JUAN PABLO II
ÁNGELUS
Viernes 1 de noviembre de 2002
Amadísimos hermanos y hermanas:
1. Hoy la Iglesia, como dice la liturgia, tiene "la alegría de celebrar en una misma fiesta los méritos y la gloria de todos los Santos" (Oración colecta): no sólo de los que ha proclamado a lo largo de los siglos, sino también de los innumerables hombres y mujeres cuya santidad, oculta en este mundo, es conocida por Dios y resplandece en su reino eterno.
En el clima espiritual de la comunión de los santos, me complace recordar a los nueve hermanos y hermanas canonizados durante el último año: Alonso de Orozco, Ignacio de Santhià, Humilde de Bisignano, Paulina del Corazón Agonizante de Jesús, Benedicta Cambiagio Frassinello, Pío de Pietrelcina, Pedro de San José de Betancur, Juan Diego de Guadalupe y Josemaría Escrivá de Balaguer.
Al pensar en estos luminosos testigos del Evangelio, damos gracias a Dios, "fuente de toda santidad", por haberlos donado a la Iglesia y al mundo. Con su ejemplo, demuestran que "todos los fieles —como enseña el Concilio— están llamados a la plenitud de la vida cristiana y a la perfección de la caridad" (Lumen gentium, 40), tendiendo al "alto grado" de la vida cristiana ordinaria (cf.
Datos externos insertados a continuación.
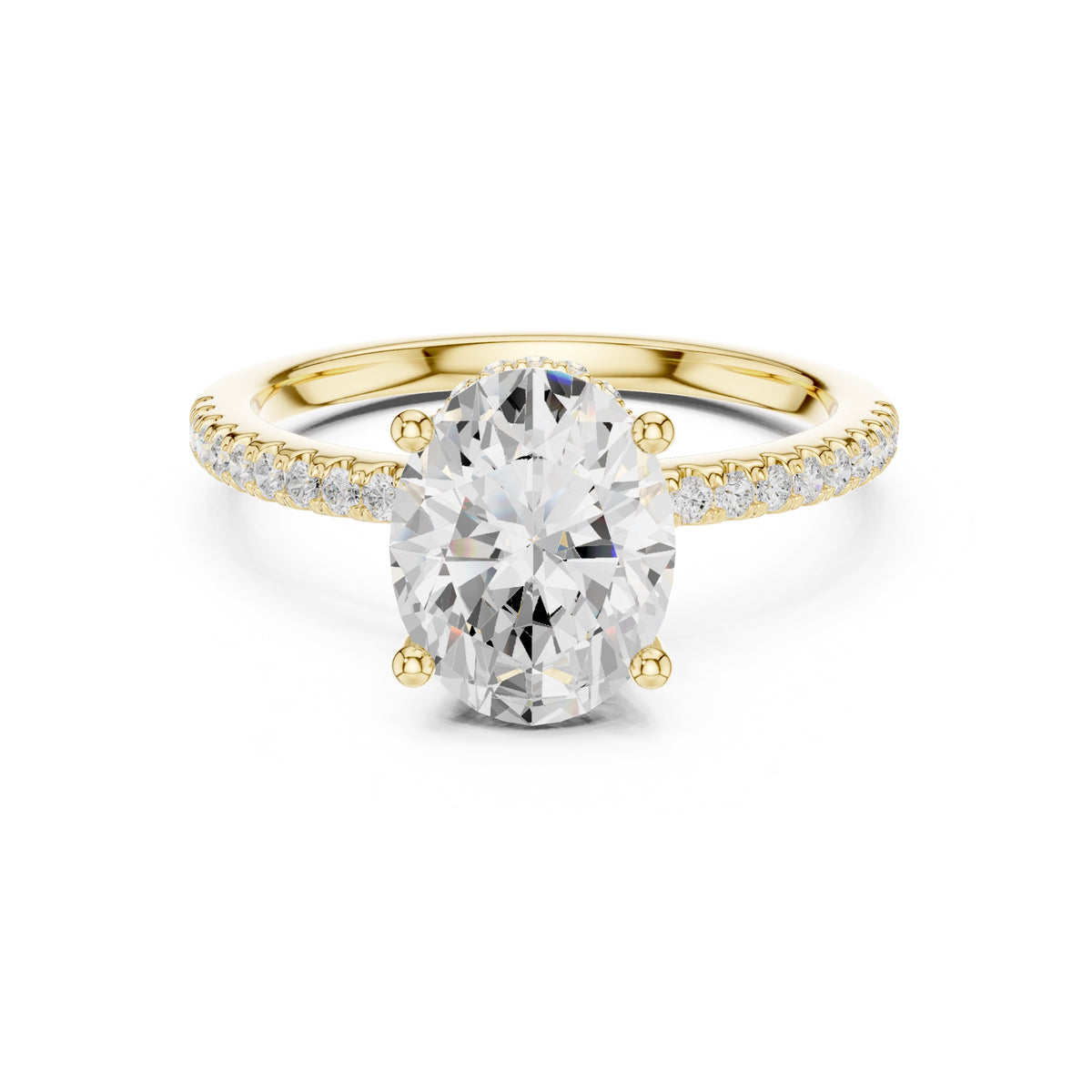 2.00 ct Vela Pavé Engagement Ring 2ct Yellow Gold Oval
Novo millennio ineunte, 31).
2. La fiesta de hoy nos invita a dirigir la mirada al cielo, meta de nuestra peregrinación terrena. Allí nos espera la asamblea festiva de los santos. Allí nos encontraremos de nuevo con nuestros seres queridos difuntos, por los cuales se elevará la oración en la gran conmemoración litúrgica de mañana.
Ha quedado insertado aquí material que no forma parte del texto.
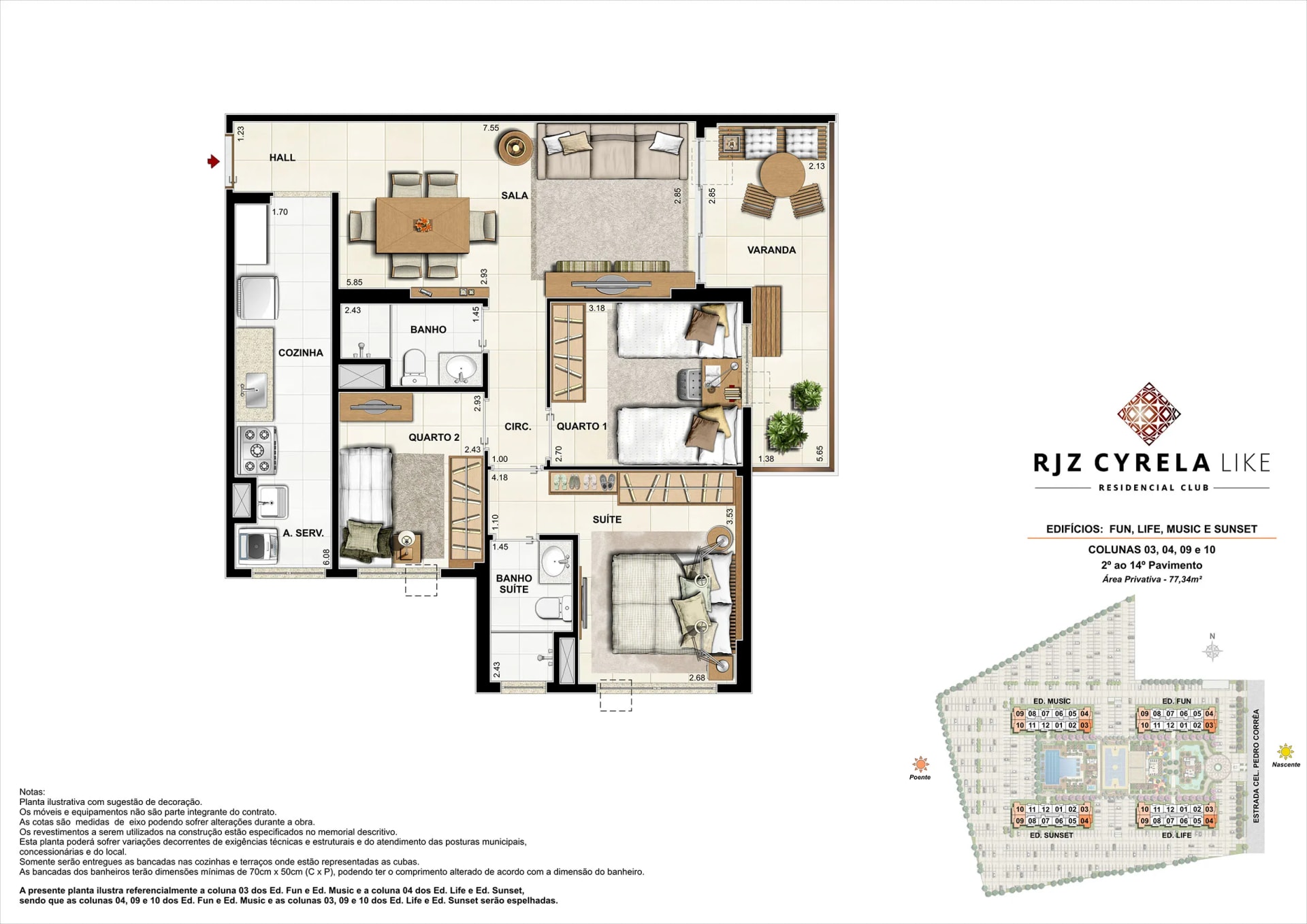 Planta — RJZ Cyrela Like Residencial Club — planta 1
Los fieles cristianos y las familias visitan en estos días los cementerios, donde descansan los restos mortales de sus familiares, en espera de la resurrección final. También yo vuelvo espiritualmente a las tumbas de mis seres queridos, ante las cuales recientemente tuve ocasión de orar, durante mi viaje apostólico a Cracovia.
Con todo, el 2 de noviembre nos pide que no olvidemos, más aún, que en cierto sentido demos prioridad en la oración a las almas de tantos difuntos que nadie recuerda, para encomendarlos al abrazo de la Misericordia divina. Pienso, en particular, en todos los que, durante el año transcurrido, han dejado este mundo. Ruego especialmente por las víctimas de los sangrientos sucesos que en los meses pasados, y también durante estos días, han seguido afligiendo a la humanidad. La conmemoración de todos los difuntos ha de ser también una invocación común de paz: paz para quien ha vivido, paz para quien vive y paz para quien vivirá.
3. En la gloria del Paraíso resplandece la Virgen María, a la que Cristo coronó como Reina de los ángeles y de los santos. A ella, "señal de esperanza cierta y de consuelo" (Lumen gentium, 68), mira la Iglesia peregrinante, con el deseo de unirse a la triunfante en la patria celestial. A María santísima le encomendamos a todos los difuntos, para que se les conceda la felicidad eterna.
Después del Ángelus
En los últimos días se han verificado violentos fenómenos sísmicos en Sicilia y en otras zonas del centro y sur de Italia, que han causado grandes sufrimientos y pruebas a esas queridas poblaciones. En particular, en la jornada de ayer, un terremoto de fuerte intensidad azotó a Molise, produciendo daños en Pulla y Abruzos.
Deseo expresar mi profunda cercanía espiritual a las personas afectadas por esos trágicos sucesos, pensando especialmente en los niños implicados en el derrumbe del edificio de una escuela en San Giuliano di Puglia. Al mismo tiempo que elevo al Señor mi ferviente oración por las víctimas y por sus familiares, dirijo una afectuosa palabra de aliento a los supervivientes y a las personas que están prestando socorro, deseando que los sostenga la solidaridad de toda la nación.